> [WORK ITEM] Please, without the pictures, retype exactly the lines from the start of the material through the line that holds "3d Illustration Of".

> [SUPPLIED RECORDS]

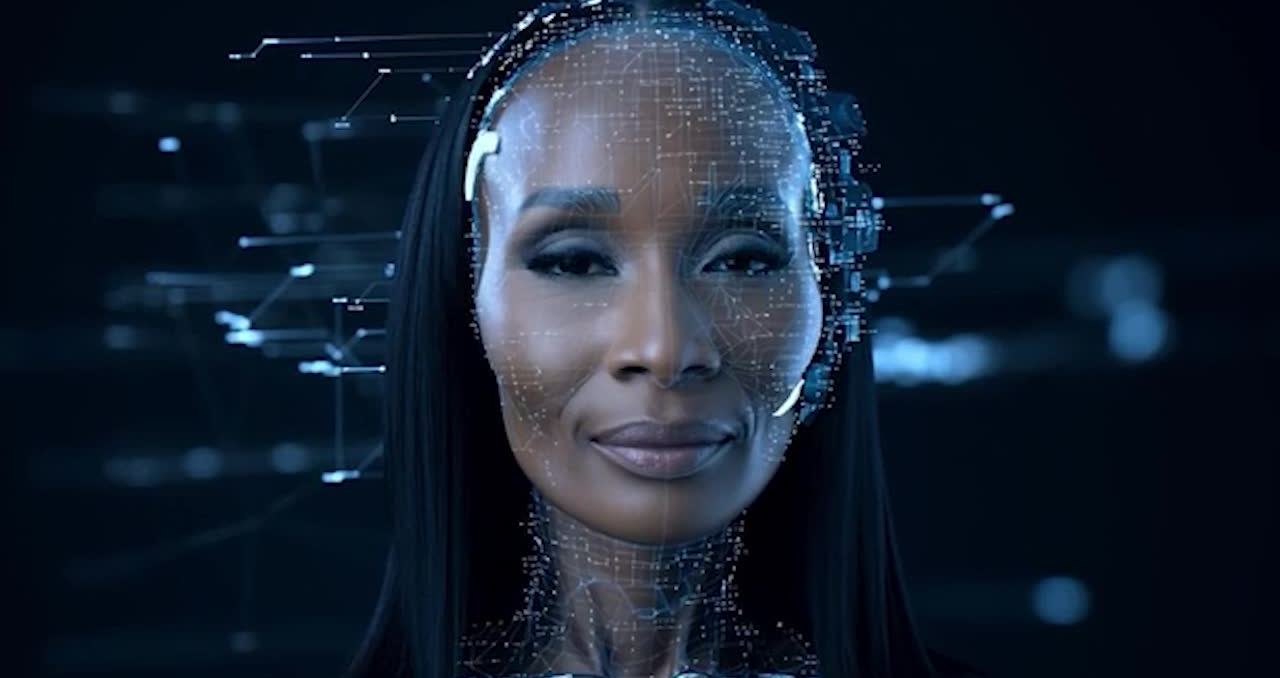 A digital AI portrait, from the Avatar showreel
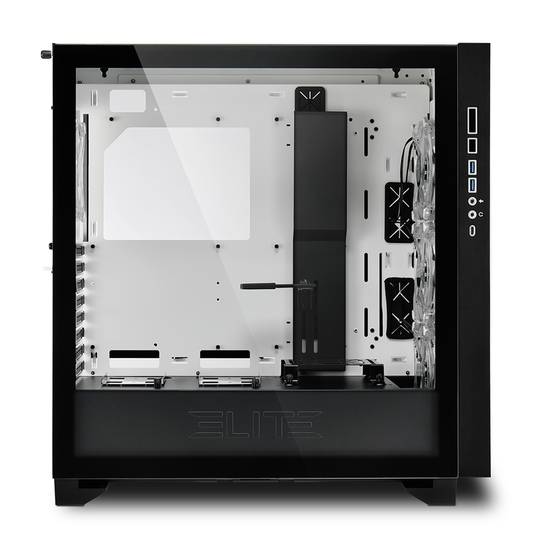 Boîtier Sharkoon ELITE SHARK CA300H ATX avec 2 ports USB 3.0 sans alimentation de couleur blanche.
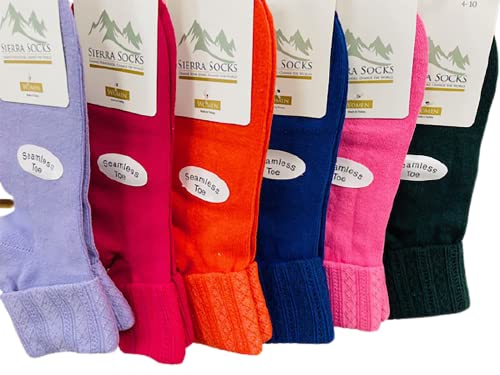 6‑Pack Triple Cuff Cotton Crew Socks | Seamless Toe Women’s Colorful Socks | Breathable & Casual Socks for Ladies - Size 4‑10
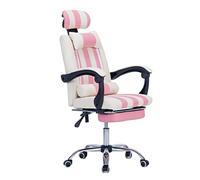 JYARZ Chaise Bureau Chambre Chaise De Bureau D'ordinateur Jeu À Dossier Haut Travail Inclinable Pivotante avec Repose-Pieds pour La Réunion D'étude Vie Maison Ergonomique Confortable(Pink+White)
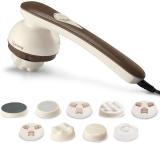 RLN Lifelong LLM180 Handheld Full Body Massager for Pain Relief, 9 Massage Heads for Back, Foot, Hand, Neck, Shoulder Massager (White)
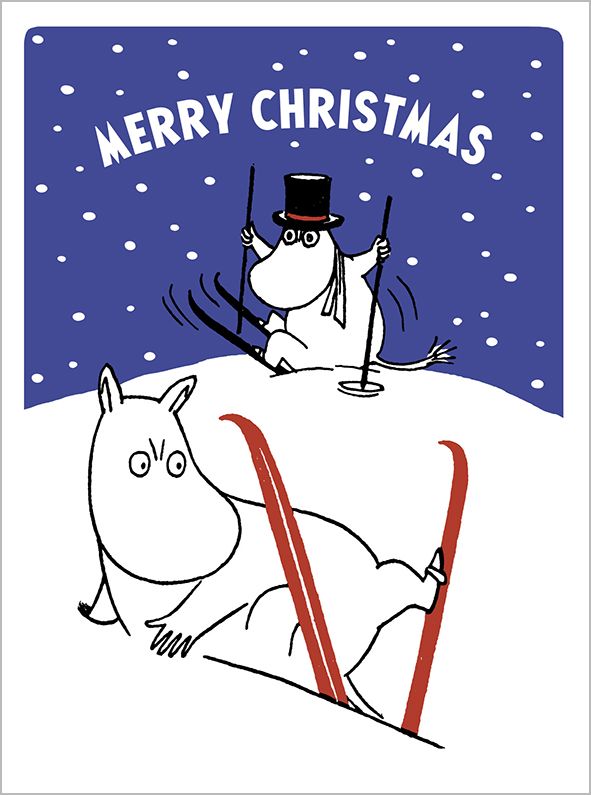 2-osainen kohopainokortti joulu Muumi - Hiihtämässä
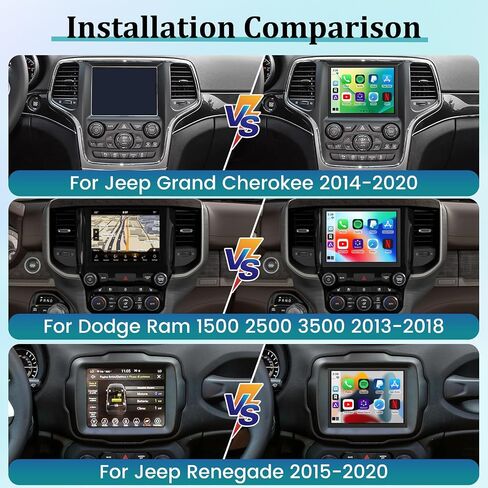 8.4 inch Original Factory Style Car Stereo for Jeep Grand Cherokee/for Dodge Ram/for Jeep Renegade - [2+32G] Android 13 Radio Wireless Carplay & Android Auto, WiFi, EQ, SWC + AHD Backup Camera in Saudi Arabia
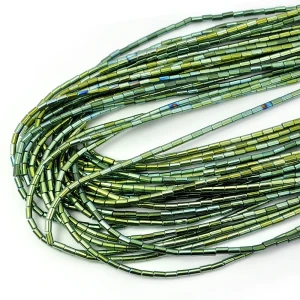 Hematyt zielono złoty walec ok. 5x3mm 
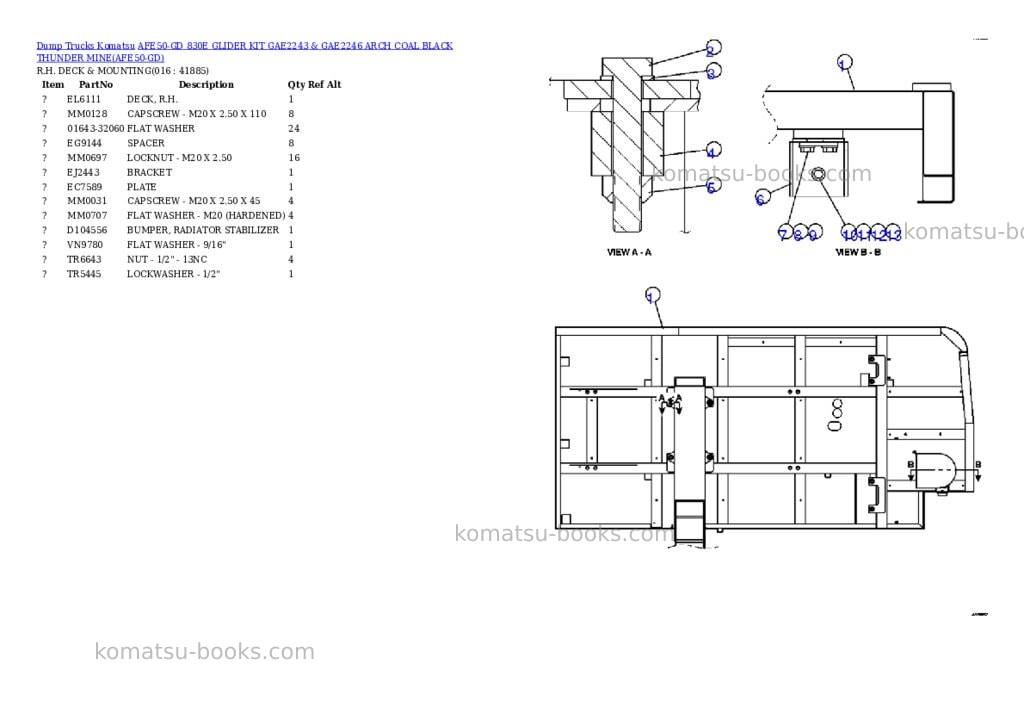 Komatsu afe50-gd 830e glider kit gae2243 & gae2246 arch coal black thunder mine Parts catalog cover Page 8 Komatsu afe50-gd 830e glider kit gae2243 & gae2246 arch coal black thunder mine Parts catalog cover Page 8
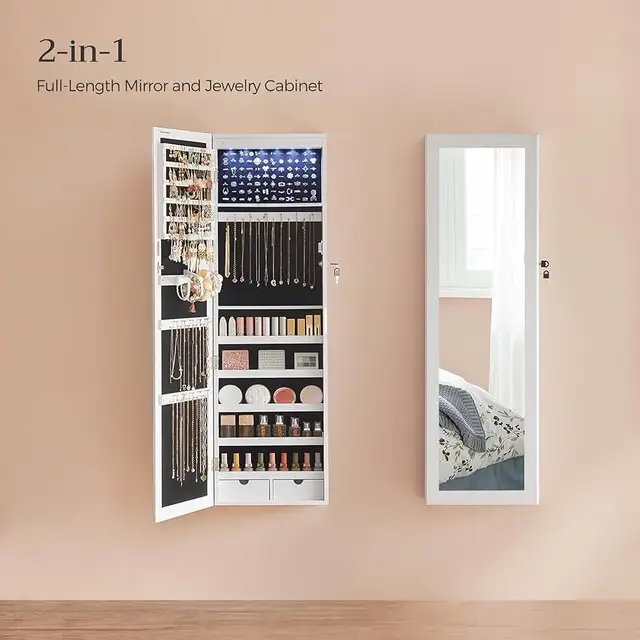 6 LEDs Mirror Jewelry Cabinet, 47.2-Inch Tall Lockable Wall or in Home Décor & Accents in Markham / York Region - Image 3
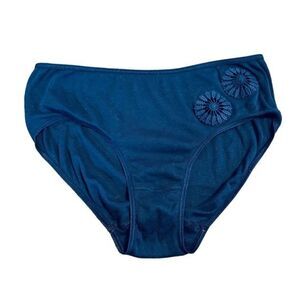 HANRO Cotton Blue Seamless Hipster Briefs Underwear Sz M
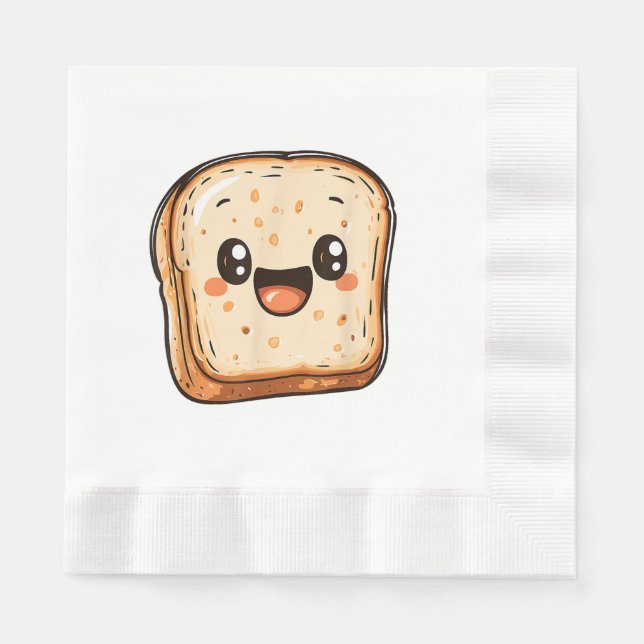 Guardanapo De Papel Brinde de Sorriso de Pedra de Pão Feliz (Frente)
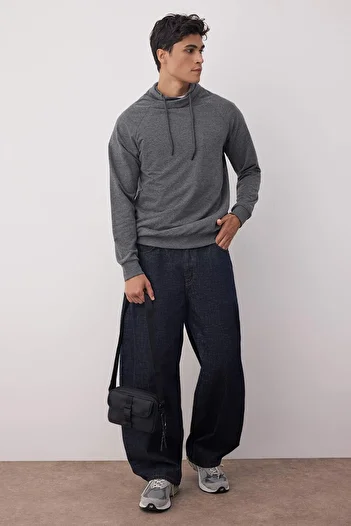 Trendyol Collection Degaje Collar Long Sleeve Anthracite SWeatshirt - Regular Fit TMNAW21sw0302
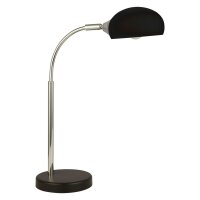 Lampe de bureau noire H : 49 cm E14 Abat-jour en verre...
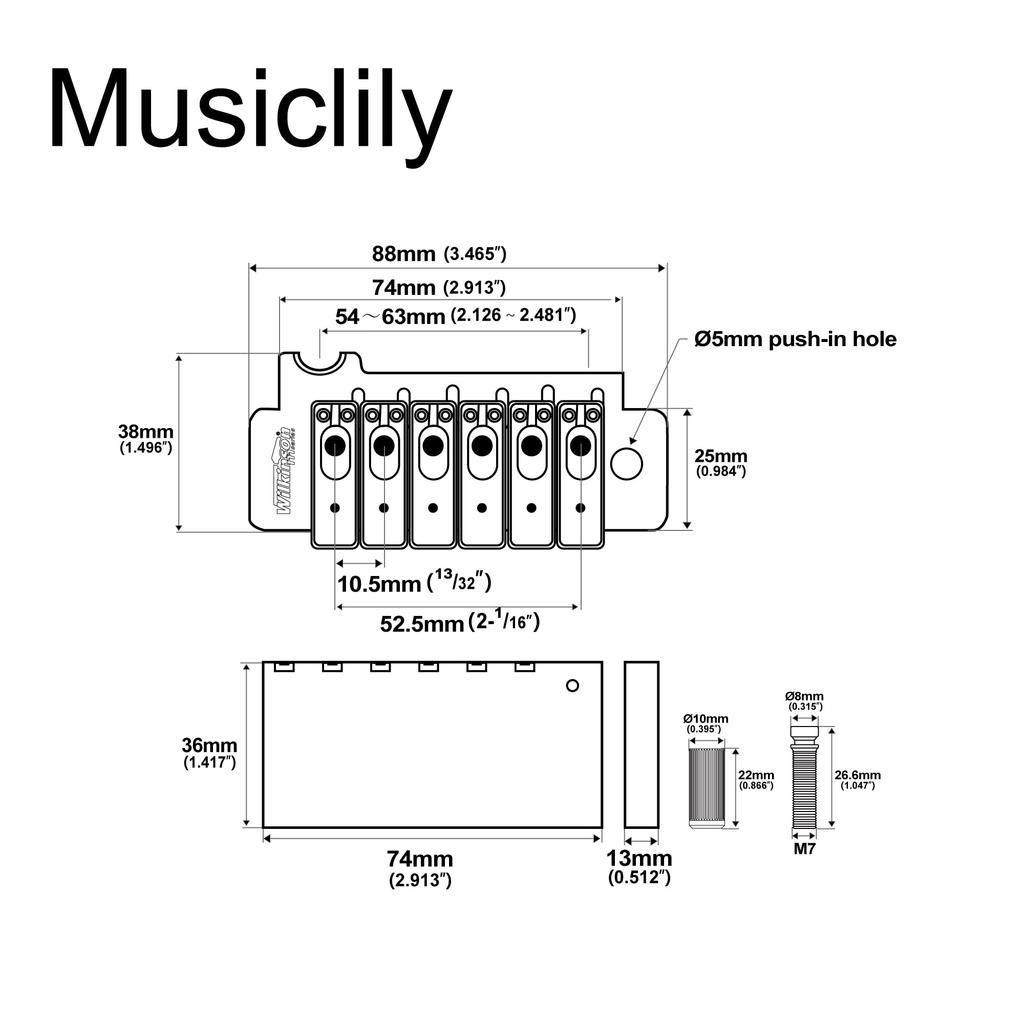 Wilkinson Individual Saddle Full Block ST Guitar Tremolo Unit Bridge for Fender Strat with 2 Gold 10.5mm Squier/Mexican Pop-In Arm, Pieces,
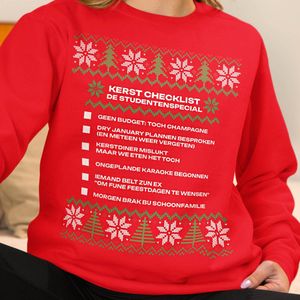 Kerst Trui Rood Kerst Checklist - De Studentenspecial XS
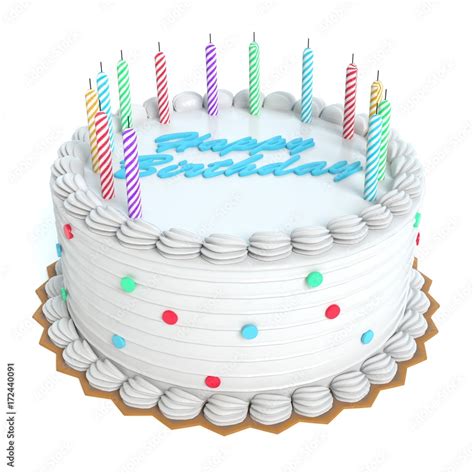3d Illustration Of A Birthday Cake Stock Photo Adobe Stock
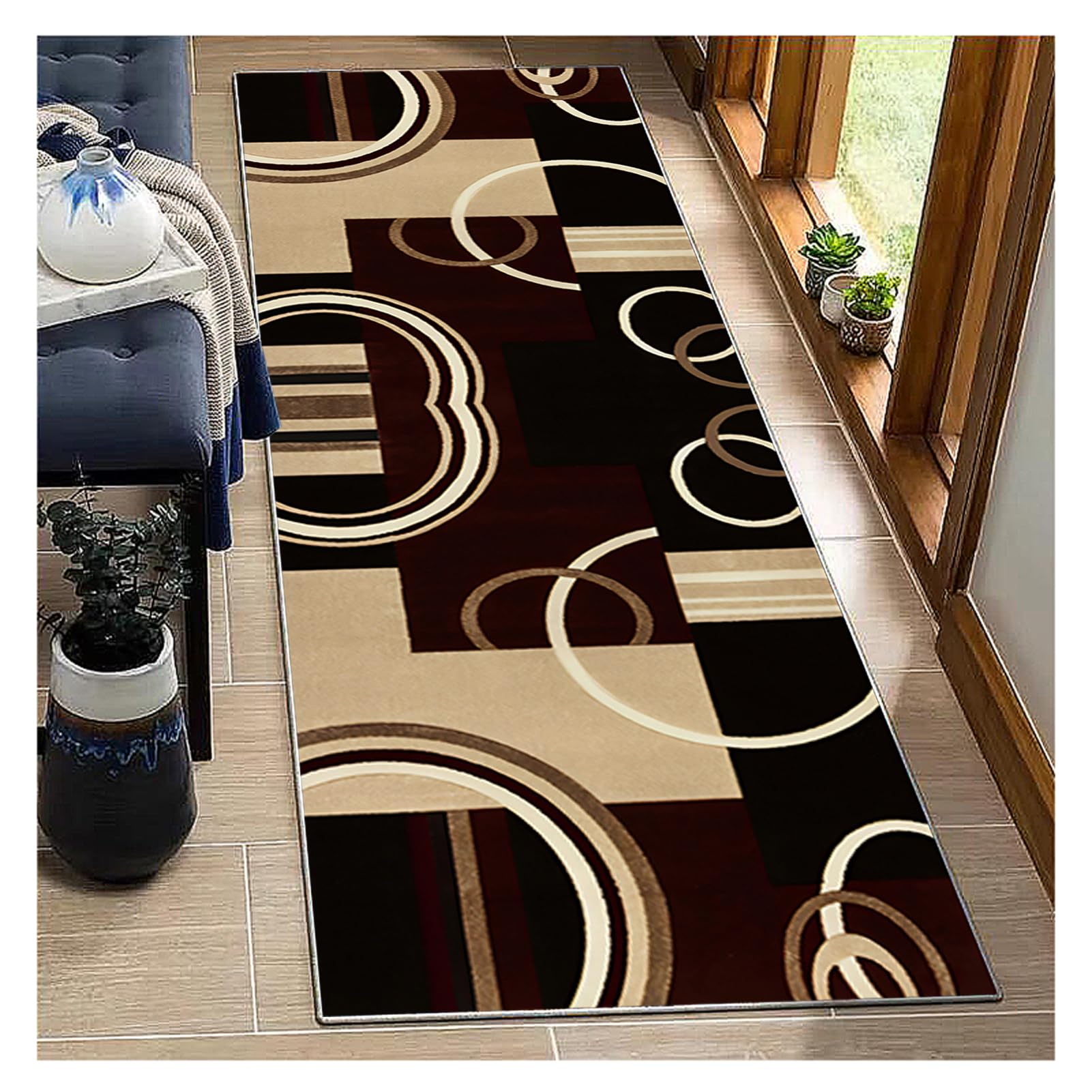 BORKOY Non-Slip Washable Carpet Runner Rug for Hallway, Kitchen, Bedroom,60x300cm, Brown & Black Geometric Design, Heavy Duty Long Rug for Indoor Outdoor Use, Customizable Width 40-120 cm — image 1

> [EXERCISE RESPONSE]
 A digital AI portrait, from the Avatar showreel
 Boîtier Sharkoon ELITE SHARK CA300H ATX avec 2 ports USB 3.0 sans alimentation de couleur blanche.
 6‑Pack Triple Cuff Cotton Crew Socks | Seamless Toe Women’s Colorful Socks | Breathable & Casual Socks for Ladies - Size 4‑10
 JYARZ Chaise Bureau Chambre Chaise De Bureau D'ordinateur Jeu À Dossier Haut Travail Inclinable Pivotante avec Repose-Pieds pour La Réunion D'étude Vie Maison Ergonomique Confortable(Pink+White)
 RLN Lifelong LLM180 Handheld Full Body Massager for Pain Relief, 9 Massage Heads for Back, Foot, Hand, Neck, Shoulder Massager (White)
 2-osainen kohopainokortti joulu Muumi - Hiihtämässä
 8.4 inch Original Factory Style Car Stereo for Jeep Grand Cherokee/for Dodge Ram/for Jeep Renegade - [2+32G] Android 13 Radio Wireless Carplay & Android Auto, WiFi, EQ, SWC + AHD Backup Camera in Saudi Arabia
 Hematyt zielono złoty walec ok. 5x3mm 
 Komatsu afe50-gd 830e glider kit gae2243 & gae2246 arch coal black thunder mine Parts catalog cover Page 8 Komatsu afe50-gd 830e glider kit gae2243 & gae2246 arch coal black thunder mine Parts catalog cover Page 8
 6 LEDs Mirror Jewelry Cabinet, 47.2-Inch Tall Lockable Wall or in Home Décor & Accents in Markham / York Region - Image 3
 HANRO Cotton Blue Seamless Hipster Briefs Underwear Sz M
 Guardanapo De Papel Brinde de Sorriso de Pedra de Pão Feliz (Frente)
 Trendyol Collection Degaje Collar Long Sleeve Anthracite SWeatshirt - Regular Fit TMNAW21sw0302
 Lampe de bureau noire H : 49 cm E14 Abat-jour en verre...
 Wilkinson Individual Saddle Full Block ST Guitar Tremolo Unit Bridge for Fender Strat with 2 Gold 10.5mm Squier/Mexican Pop-In Arm, Pieces,
 Kerst Trui Rood Kerst Checklist - De Studentenspecial XS
3d Illustration Of A Birthday Cake Stock Photo Adobe Stock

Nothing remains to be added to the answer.